Can you talk us through the writing of your latest book? What were the key moments?
SILVER started out as a fictional account of my love affair with my husband, who I met when I was sixteen. It soon became clear that the truth was too strange to make believable fiction, so I changed the characters quite a bit.
Still, Brianna is probably the most like me of any of my characters. I love paranormal books, and I knew I wanted magic and mythology to play a big role in the story.
I decided to focus on Ireland because of its rich supernatural history. I was particularly interested in what happened to all that magic once Christianity took root, and that became the jumping off point for the supernatural aspects of the story.
Was it hard to get an agent? Can you talk us through the process?
Yes and no.
It was hard in the sense that there was rejection, and rejection is always hard.
I found my agent the old-fashioned way. I sent queries and sample pages if allowed to do so. I received everything from no responses, to form rejections, to requests for the manuscript. The process took 4-5 months, with revisions to the manuscript along the way. In the end, things seemed to happen all at once.
I was lucky enough to get multiple offers of representation, and I felt like the Greenhouse was the right home for me, even though it meant a complete rewrite of a significant part of the manuscript.
Describe your writing day. Where do you write? How do you organize your time? Where do you look for inspiration?

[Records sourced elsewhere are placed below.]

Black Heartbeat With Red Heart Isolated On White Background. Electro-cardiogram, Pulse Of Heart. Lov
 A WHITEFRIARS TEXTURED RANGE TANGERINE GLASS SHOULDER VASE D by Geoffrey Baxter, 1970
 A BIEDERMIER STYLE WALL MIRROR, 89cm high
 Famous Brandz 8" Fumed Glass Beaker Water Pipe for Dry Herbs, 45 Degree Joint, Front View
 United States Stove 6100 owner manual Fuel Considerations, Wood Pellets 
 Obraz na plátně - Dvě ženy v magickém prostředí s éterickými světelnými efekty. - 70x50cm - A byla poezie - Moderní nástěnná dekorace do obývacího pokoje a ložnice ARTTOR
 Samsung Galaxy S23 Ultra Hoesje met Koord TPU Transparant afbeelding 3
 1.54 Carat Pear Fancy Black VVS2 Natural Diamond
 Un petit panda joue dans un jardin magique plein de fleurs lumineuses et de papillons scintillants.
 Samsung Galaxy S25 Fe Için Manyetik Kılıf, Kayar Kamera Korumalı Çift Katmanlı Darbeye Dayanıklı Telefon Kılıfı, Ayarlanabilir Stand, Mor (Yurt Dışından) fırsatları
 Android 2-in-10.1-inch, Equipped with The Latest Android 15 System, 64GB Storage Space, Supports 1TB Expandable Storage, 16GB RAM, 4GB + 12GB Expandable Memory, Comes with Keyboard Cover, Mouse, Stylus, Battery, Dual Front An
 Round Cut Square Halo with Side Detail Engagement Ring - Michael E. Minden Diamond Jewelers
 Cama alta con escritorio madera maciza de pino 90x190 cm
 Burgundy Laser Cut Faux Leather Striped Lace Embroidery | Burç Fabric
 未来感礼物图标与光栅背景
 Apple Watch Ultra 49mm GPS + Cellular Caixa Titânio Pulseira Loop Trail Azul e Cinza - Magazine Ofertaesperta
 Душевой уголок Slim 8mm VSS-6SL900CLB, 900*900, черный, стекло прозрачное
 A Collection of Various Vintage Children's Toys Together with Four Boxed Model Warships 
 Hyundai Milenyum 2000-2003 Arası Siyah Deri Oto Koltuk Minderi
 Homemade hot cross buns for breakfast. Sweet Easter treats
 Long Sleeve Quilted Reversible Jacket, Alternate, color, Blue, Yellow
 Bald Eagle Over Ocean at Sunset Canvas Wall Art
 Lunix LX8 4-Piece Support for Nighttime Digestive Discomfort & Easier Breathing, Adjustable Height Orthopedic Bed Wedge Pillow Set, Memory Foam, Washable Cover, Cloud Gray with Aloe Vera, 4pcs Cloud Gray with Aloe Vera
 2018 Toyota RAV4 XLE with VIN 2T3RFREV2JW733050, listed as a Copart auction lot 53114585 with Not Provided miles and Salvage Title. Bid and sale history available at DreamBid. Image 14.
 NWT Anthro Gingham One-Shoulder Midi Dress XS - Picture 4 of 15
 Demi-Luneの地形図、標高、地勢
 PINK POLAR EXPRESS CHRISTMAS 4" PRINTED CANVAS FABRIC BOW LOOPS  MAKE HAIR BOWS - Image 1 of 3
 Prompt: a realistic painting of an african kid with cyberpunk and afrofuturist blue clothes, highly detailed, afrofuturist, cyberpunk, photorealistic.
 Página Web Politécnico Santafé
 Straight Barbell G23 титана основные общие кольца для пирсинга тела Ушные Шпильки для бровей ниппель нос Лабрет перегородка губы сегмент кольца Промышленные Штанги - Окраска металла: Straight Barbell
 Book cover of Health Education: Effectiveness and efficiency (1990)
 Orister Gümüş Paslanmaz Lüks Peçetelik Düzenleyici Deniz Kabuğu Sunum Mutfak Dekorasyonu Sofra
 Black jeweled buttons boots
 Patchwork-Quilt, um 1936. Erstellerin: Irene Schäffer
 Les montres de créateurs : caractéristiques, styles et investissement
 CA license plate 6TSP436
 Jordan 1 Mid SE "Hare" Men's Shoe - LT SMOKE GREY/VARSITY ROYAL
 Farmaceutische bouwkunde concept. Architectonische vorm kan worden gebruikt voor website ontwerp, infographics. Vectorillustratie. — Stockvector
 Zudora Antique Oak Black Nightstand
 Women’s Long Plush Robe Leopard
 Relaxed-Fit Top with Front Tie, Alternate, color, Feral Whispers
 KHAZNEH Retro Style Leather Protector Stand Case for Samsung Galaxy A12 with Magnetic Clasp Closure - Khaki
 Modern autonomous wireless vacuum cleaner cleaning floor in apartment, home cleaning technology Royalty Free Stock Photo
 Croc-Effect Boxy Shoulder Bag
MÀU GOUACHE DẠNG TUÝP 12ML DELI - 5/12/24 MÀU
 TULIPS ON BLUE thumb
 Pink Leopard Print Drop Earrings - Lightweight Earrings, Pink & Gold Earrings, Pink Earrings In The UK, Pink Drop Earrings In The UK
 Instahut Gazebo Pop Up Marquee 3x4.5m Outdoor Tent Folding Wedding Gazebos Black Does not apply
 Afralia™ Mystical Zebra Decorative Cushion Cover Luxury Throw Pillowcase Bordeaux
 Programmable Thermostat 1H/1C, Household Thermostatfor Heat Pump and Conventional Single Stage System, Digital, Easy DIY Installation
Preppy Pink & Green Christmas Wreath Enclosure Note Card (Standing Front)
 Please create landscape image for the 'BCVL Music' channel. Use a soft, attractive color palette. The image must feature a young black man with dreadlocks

I have another career that takes most of my time during the week, so I write at night and on the weekends.
I write on my favorite corner of the couch with a laptop and cup of coffee. My inspiration usually comes when I’m driving to and from work. That’s when I can really start to visualize scenes and stories. A lot of the details don’t come until I actually sit down and write, but I always have a general idea of the characters and story beforehand.
Can you tell us about the book you are working on at the moment?
I am currently working on SPIES AND PREJUDICE, pitched as Veronica Mars meets PRIDE AND PREJUDICE, which will be published by Egmont in 2012.
It’s the story of Berry Fields, a teenage private investigator, who gets in over her head as she investigates her “dead” mother’s past and has to rely on the one boy she is determined to hate. I love writing Berry. She’s smart and kick ass, but vulnerable in ways she doesn’t realize.
Are there any tips you could give aspiring writers who are looking to get published?
Write. Don’t just think about it, sit down and do it.
Get feedback on your writing from people who are involved in publishing, not just family and friends. And then rewrite.
Read widely, both inside and outside your genre.
Analyze what works and doesn’t work for you in the books you read and try to figure out why.
Then write some more. Not writing is the only thing that is guaranteed to keep you from getting published.
Can you describe three aspects of writing craft that have been most important as you’ve developed as an author?
Dialogue, emotion and plot.
Since my background is in writing scripts, I feel like dialogue came the most naturally to me as a writer, but I had to learn to incorporate emotion and internalization to really flesh out a scene. And plotting is hard. Critical, but hard.
Which favorite authors would you invite to a dinner party? What fictional character do you wish you’d invented?
Simone Elkeles, Sarah Rees Brennan, Stephen King and Lauren Oliver, so long as they like take out. And I wish I’d invented Lizzy Bennet. She’s lovely, smart, flawed, and always has the perfect retort. And she gets the guy.